§ **DIRECTIONS FOR THIS TASK**
Repeat word for word the lines from the top of the records through the line containing "August 2024 Calendar With Latvia Holidays", and skip the pictures.

§ **MATERIALS PROVIDED**
○ ○ ○ ○ ○ ○ ○
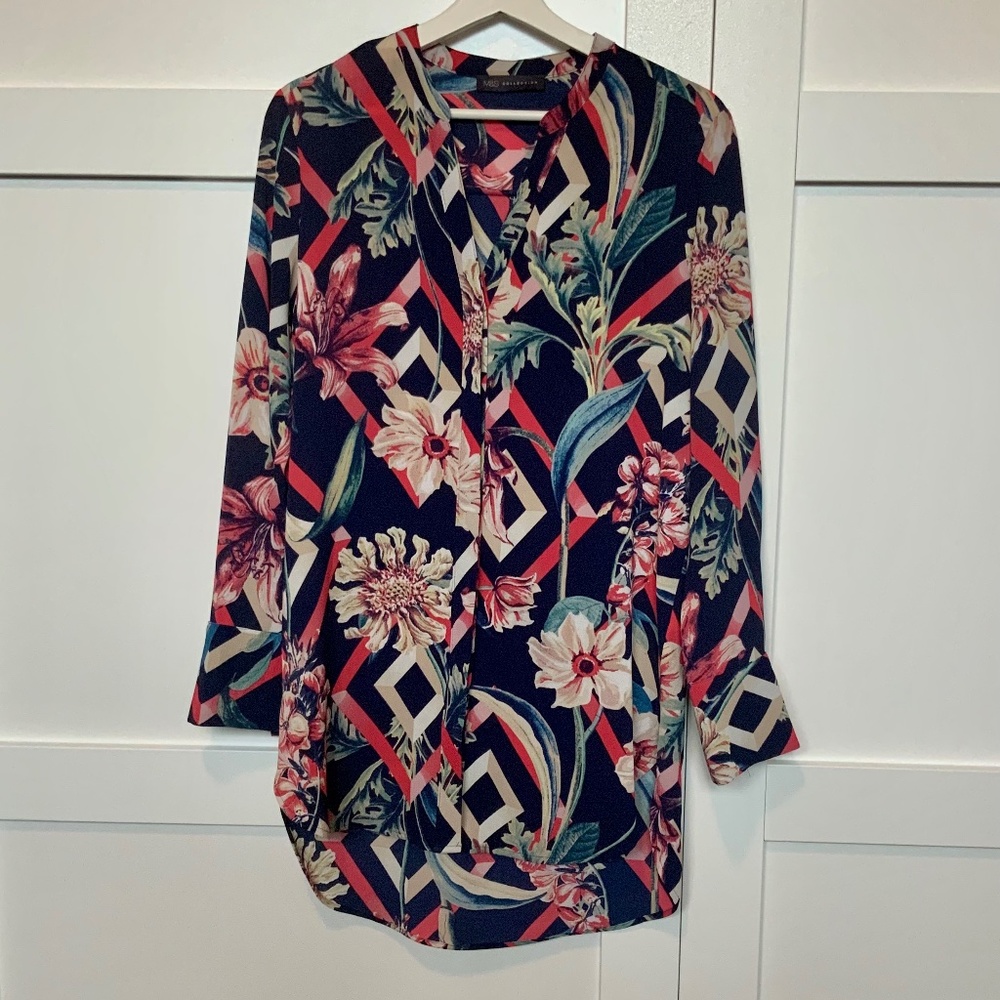 M & S Collection Navy and Fuchsia Tunic Blouse EUC Size 6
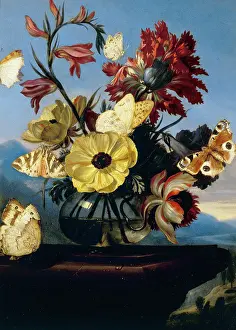 Morta: Vase of flowers with a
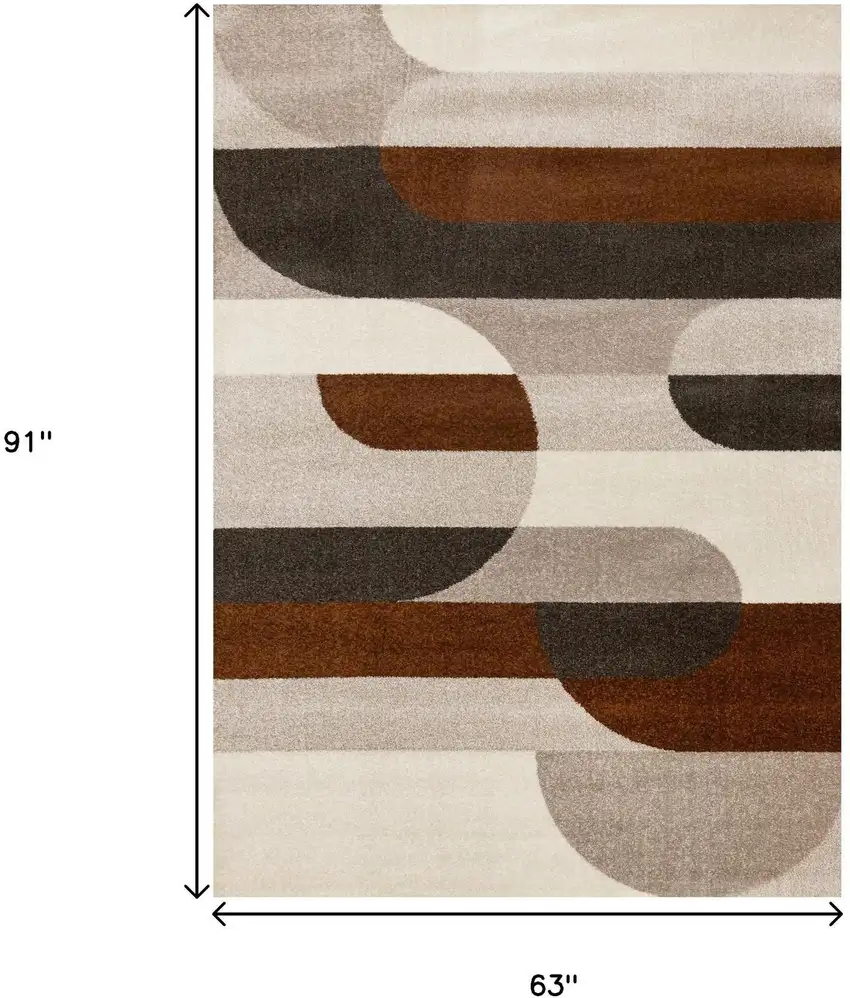 Cream Red And Brown Geometric Area Rug Photo 3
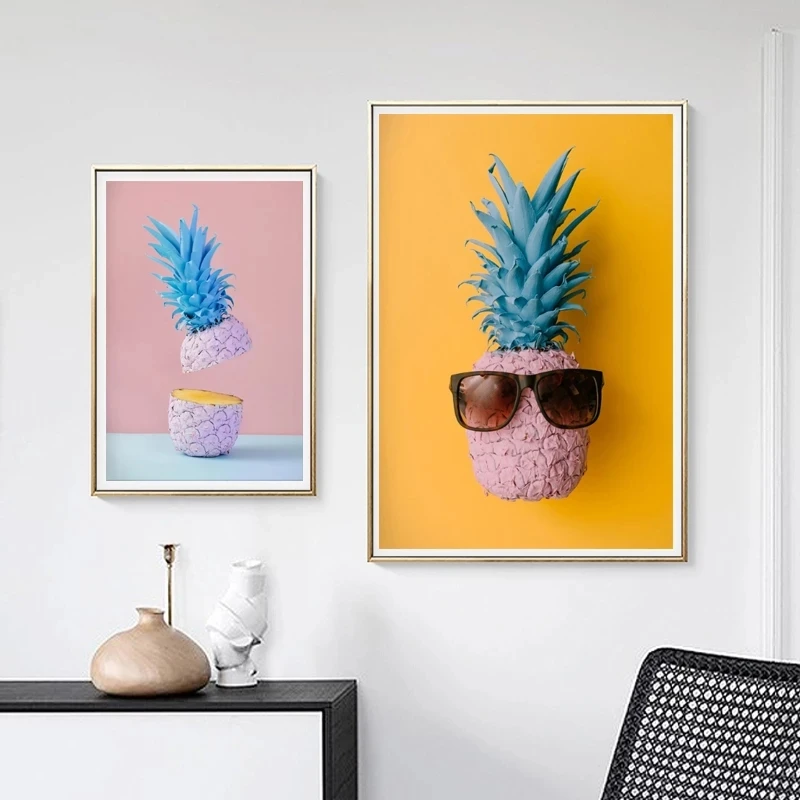 Креативный постер ананас банан в скандинавском стиле Настенная картина с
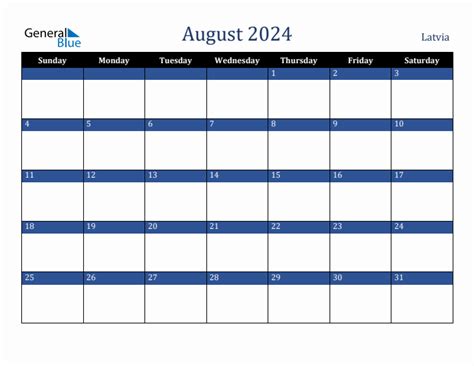 August 2024 Calendar With Latvia Holidays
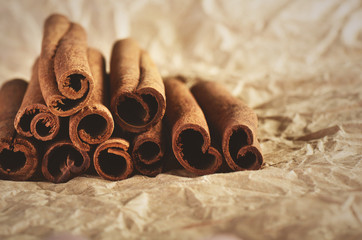 tinted image cinnamon sticks on paper horizontal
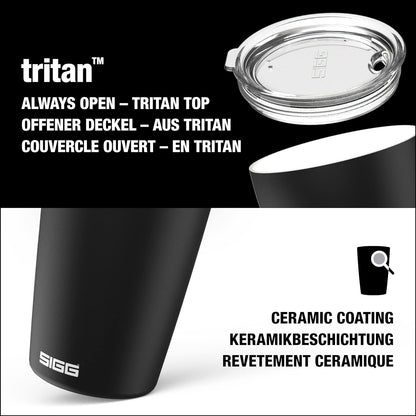 SIGG - Neso Pure Cream Coffee Travel Mug - With Tritan Lid - Dishwasher Safe - Lightweight - BPA Free - 18/8 Stainless Steel - 0.3L / 0.4L Black 0.3 L
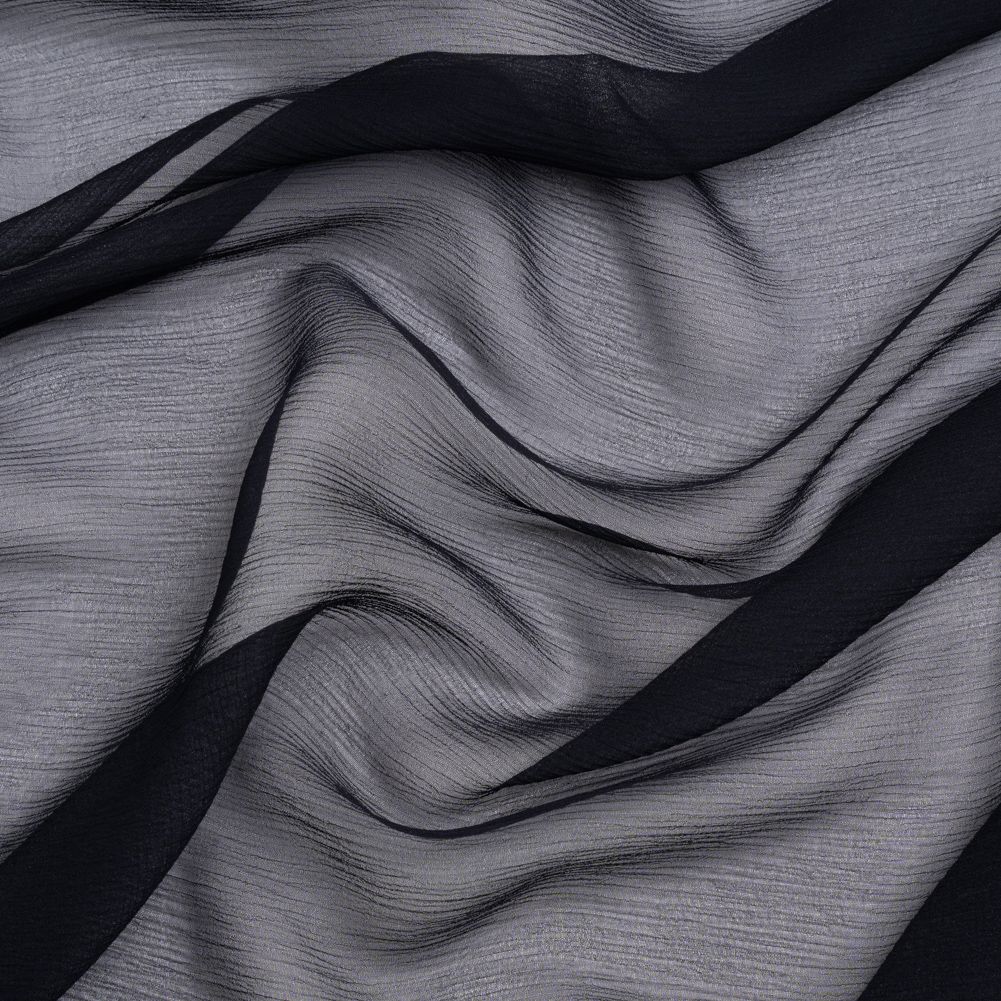 Crinkled Silk Chiffon – Midnight – Premium Collection Crinkled Silk Chiffon – Midnight – Premium Collection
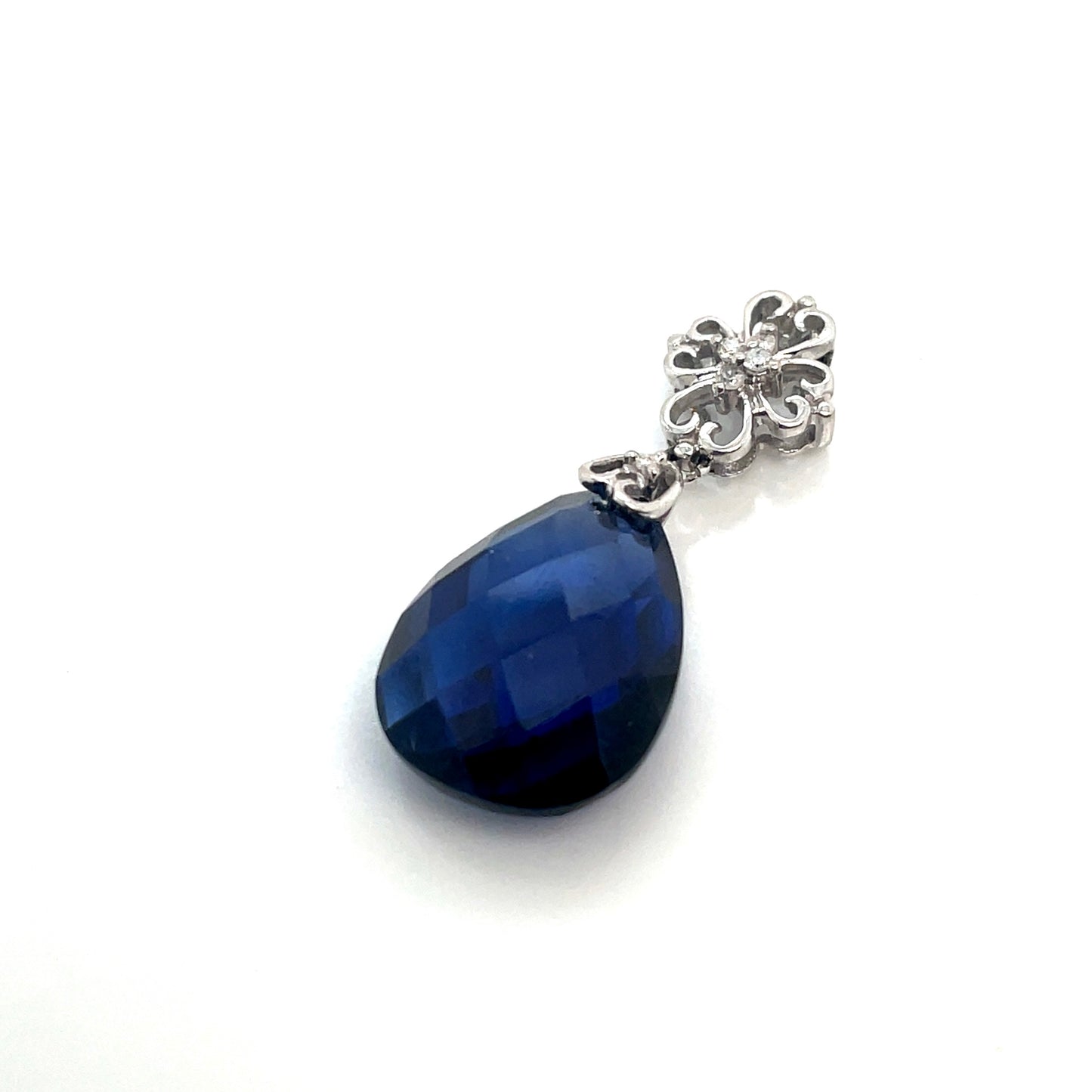 10k White Gold Sapphire Diamond Pendant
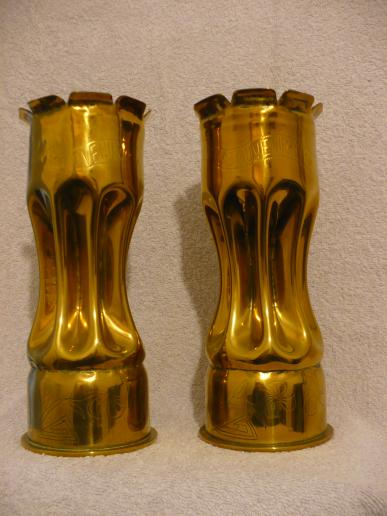 Pair of Trench Art Brass Shells 1917 1918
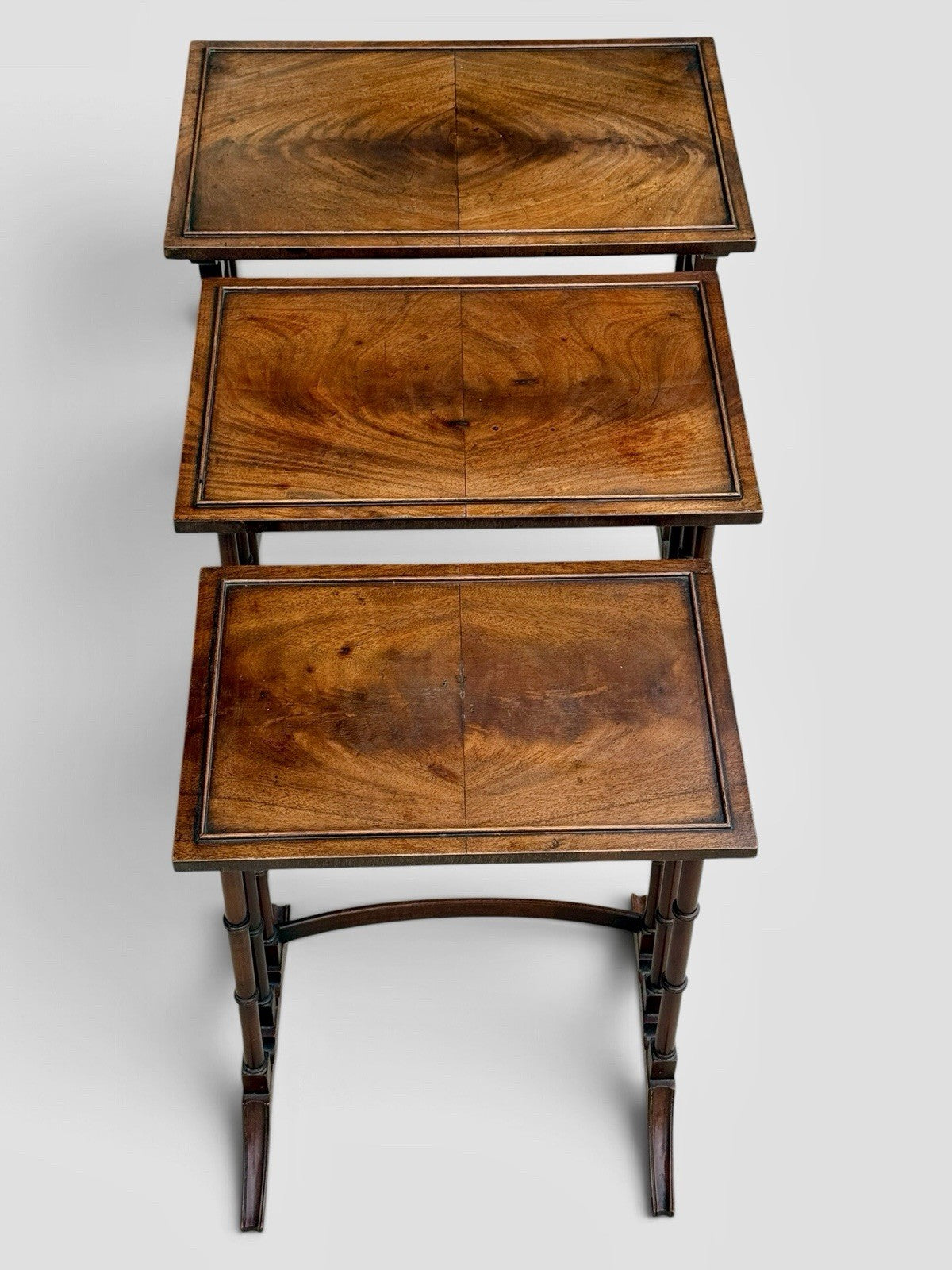 Antique Victorian Nest of Tables Set of 3 Mahogany Occasional Side Tables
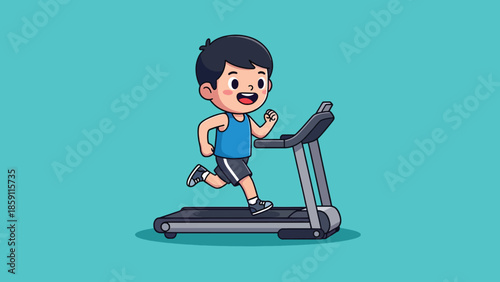 Cute cartoon boy running on a treadmill for fitness and exercise.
○ ○ ○ ○ ○ ○ ○
§ **ANSWER**
 M & S Collection Navy and Fuchsia Tunic Blouse EUC Size 6
 Morta: Vase of flowers with a
 Cream Red And Brown Geometric Area Rug Photo 3
 Креативный постер ананас банан в скандинавском стиле Настенная картина с
 August 2024 Calendar With Latvia Holidays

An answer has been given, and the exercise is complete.